|After California voters in November voted against a proposal to raise the state’s cap on medical malpractice damages, it appears that the state’s Supreme Court will have the final say on the matter, and could very well decide to rule against popular opinion.
The state’s current malpractice cap is $250,000, and it has been in place for 39 years since California passed the Medical Injury Compensation Reform Act in 1975. Proposition 46 would have raised the cap to $1.1 million, well over the median $600,000 that gets awarded in medical malpractice lawsuits, but calculated mostly by adjusting for inflation since 1975.
California Healthline notes that 67.1% of California voters rejected the proposition back in November, but the stat’es Supreme Court has recently agreed to review the Hughes v. Pham case, which would challenge the constitutionality of the 1975 Reform Act.

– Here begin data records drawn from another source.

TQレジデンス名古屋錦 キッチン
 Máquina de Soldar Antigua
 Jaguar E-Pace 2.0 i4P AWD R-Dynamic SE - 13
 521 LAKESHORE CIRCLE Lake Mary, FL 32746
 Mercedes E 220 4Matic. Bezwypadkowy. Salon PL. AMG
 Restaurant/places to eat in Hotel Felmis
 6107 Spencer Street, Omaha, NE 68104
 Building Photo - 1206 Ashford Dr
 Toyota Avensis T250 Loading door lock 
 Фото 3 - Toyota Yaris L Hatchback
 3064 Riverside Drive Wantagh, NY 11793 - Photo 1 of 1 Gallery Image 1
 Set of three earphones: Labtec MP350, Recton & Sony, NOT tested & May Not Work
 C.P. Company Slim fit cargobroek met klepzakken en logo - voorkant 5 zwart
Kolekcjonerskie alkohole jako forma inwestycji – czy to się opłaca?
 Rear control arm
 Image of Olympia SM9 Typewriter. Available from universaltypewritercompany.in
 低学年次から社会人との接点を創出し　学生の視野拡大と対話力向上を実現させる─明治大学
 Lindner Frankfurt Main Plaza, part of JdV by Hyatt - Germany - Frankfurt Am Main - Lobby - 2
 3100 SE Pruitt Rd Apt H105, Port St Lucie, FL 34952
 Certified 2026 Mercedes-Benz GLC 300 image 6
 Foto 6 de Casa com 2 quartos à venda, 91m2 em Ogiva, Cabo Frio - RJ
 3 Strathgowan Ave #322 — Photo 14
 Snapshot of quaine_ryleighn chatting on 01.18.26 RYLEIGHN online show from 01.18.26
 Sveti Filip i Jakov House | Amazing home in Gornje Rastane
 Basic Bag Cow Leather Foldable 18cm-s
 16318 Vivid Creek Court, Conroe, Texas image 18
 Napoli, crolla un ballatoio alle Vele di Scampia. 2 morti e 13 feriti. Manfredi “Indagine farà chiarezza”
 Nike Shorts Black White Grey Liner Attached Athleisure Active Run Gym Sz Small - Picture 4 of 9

The Hughes v. Pham lawsuit is perhaps one of the most drastic cases of malpractice victims being denied what a court of law had bestowed: Trent Hughes had filed a malpractice lawsuit against his neurosurgeon Christopher Pham, who delayed giving medical treatment to Hughes after an off-road vehicle crash, causing Hughes to become a paraplegic. The jury originally awarded Hughes $2.75 million for his pain and suffering, but because of the state’s limit on malpractice damages, Hughes was only able to collect $250,000.
Although Pham argues that there was “insufficient evidence to establish causation” between his treatment of Hughes and Hughes becoming a paraplegic, many agree with Hughes that the cap barely covers what he rightfully deserves, and that the state’s current cap “arbitrarily and irrationally singles out the most severely injured victims of medical medical malpractice.”
Even if the court decides not to change the cap, it could still decide to change the way in which damages are calculated and paid out, and if previous settlements should be taken into account when awarding pain and suffering damages to a plaintiff.